第3話ぼくとヤクザ
西成には暴力団の事務所があった。暴力団対策法の施行されるずっと昔の話である。子供心に一般の労働者と直ぐに見分けがついた。ヤクザは清潔で、身なりもきちんとしている。労働者は何時洗ったかわからない、汗と埃にまみれた服装なので匂いでわかるのだ。事務所の前には常に2,3人の組員が交代で番をしている。僕と悪友は何時もそこから西成の探検に行くのであった。ある日、事件が起こった。
「ボク、こっちへ来てみい」
見張りをしているヤクザが僕たちを誘っている。流石にヤクザは僕たちも怖い。それでもヤクザたちは優しく誘ってくれる。その時は確か3人位であったが腹を据えて事務所に入ってみる事にした。
「ボウズ、ここに座りな」
高級そうなソファに座れと言うのだ。しかし僕たちは汗みどろなので気が引けた。部屋はクーラーで快適だった。
「汚れるのは気にせんでええ」
一番偉いように思えるヤクザがそう言うので座った。腰が沈む。
「キミ達、ミックスジュースでええな」
そうヤクザが言うのでハイ!と元気よく答えたのであった。
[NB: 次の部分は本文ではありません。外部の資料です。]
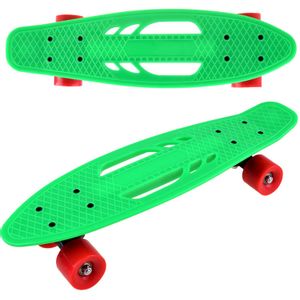 Skateboard za djecu - zeleni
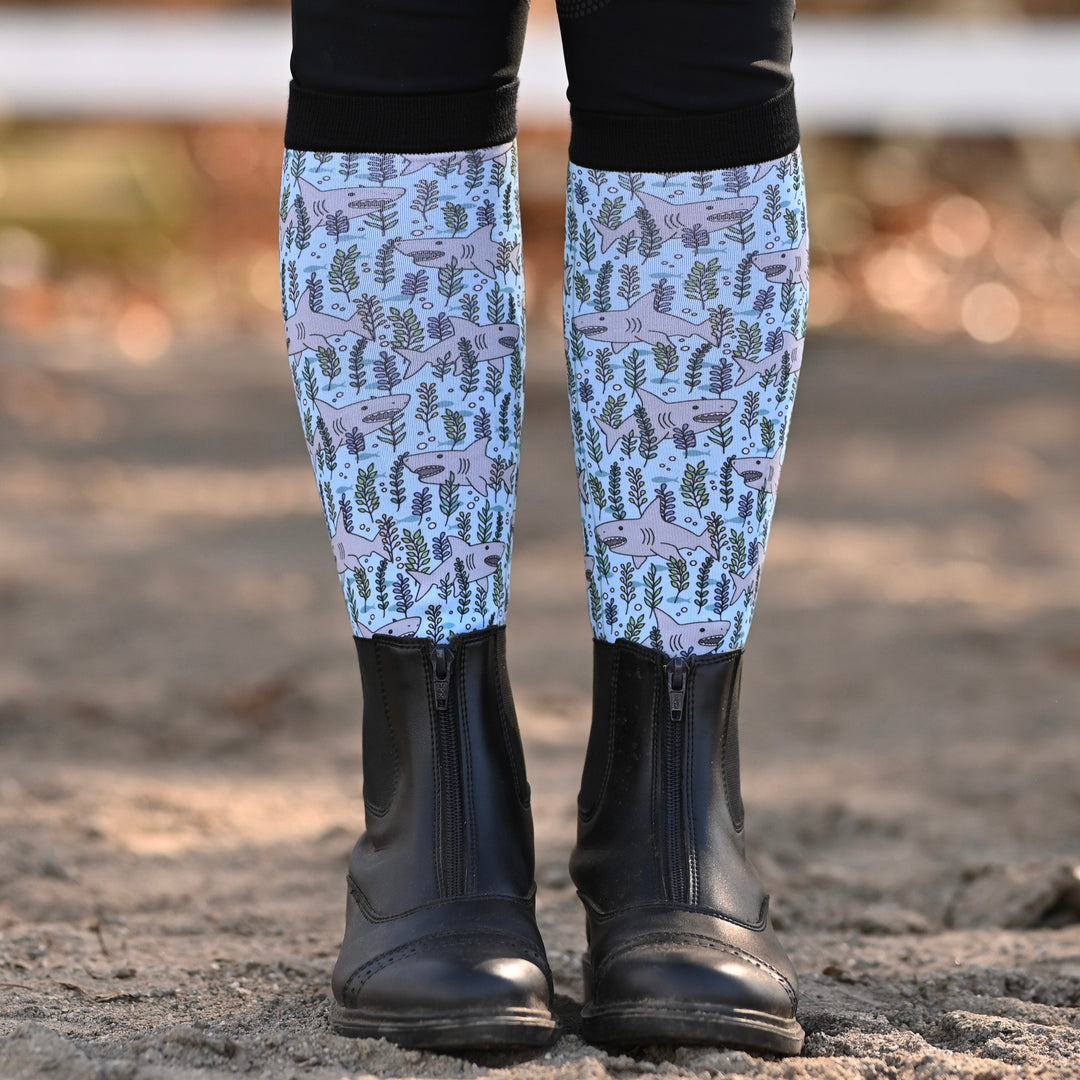 Dreamers & Schemers Jawsome Pair & A Spare Socks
しばらくすると喫茶店のお姉さんらしき人がお盆でミックスジュースを持ってきた。今でもこの事は鮮明に覚えている。
「姉ちゃん、前のコーヒー、ぬるかったで。熱くしてくれや」
はい、承知しましたとお姉さんは事務所から消えた。僕たちの前にミックスジュースが並ぶ。
「飲んでええで」
勧められるまま飲んだ。美味しかった。当時でもミックスジュースは400円位したのではないか。子供には高価な飲み物であった。
「キミらを事務所に呼んだのも訳があるんや」
ヤクザの偉い人らしき人が語り始めた。事務所の前で番をするヤクザと監視カメラに映る僕達を見て事務所の偉い人が気を止めたのだという。
「僕達、なんで西成に来るんや」
当時はファミコンが子供達を狂乱させていた。しかし僕を含む悪友たちは西成を取った。この猥雑とした街が好きだったのである。いつも夕方になると事務所前を通る僕達が気になったのだろう、声を掛けてみようとなったらしい。
「ボウズ、西成の何が楽しい」
「ホルモン焼きが美味しいからです」
どっとヤクザたちが笑った。僕達にはどこが笑いどころだったのか理解できない。
「ほうか、ようわかった。ミックスジュース、ワシのおごりや。味わってな」
そうして雑談になった。なぜかそこには奇妙な連帯感があったように覚えている。西成を生業とする者とそうではない者。その間に僕たちは居たのだろうと思う。それからも僕たちはその事務所の前を気にせず通った。顔なじみのヤクザには挨拶もした。今、あの人達はどうしているだろうか?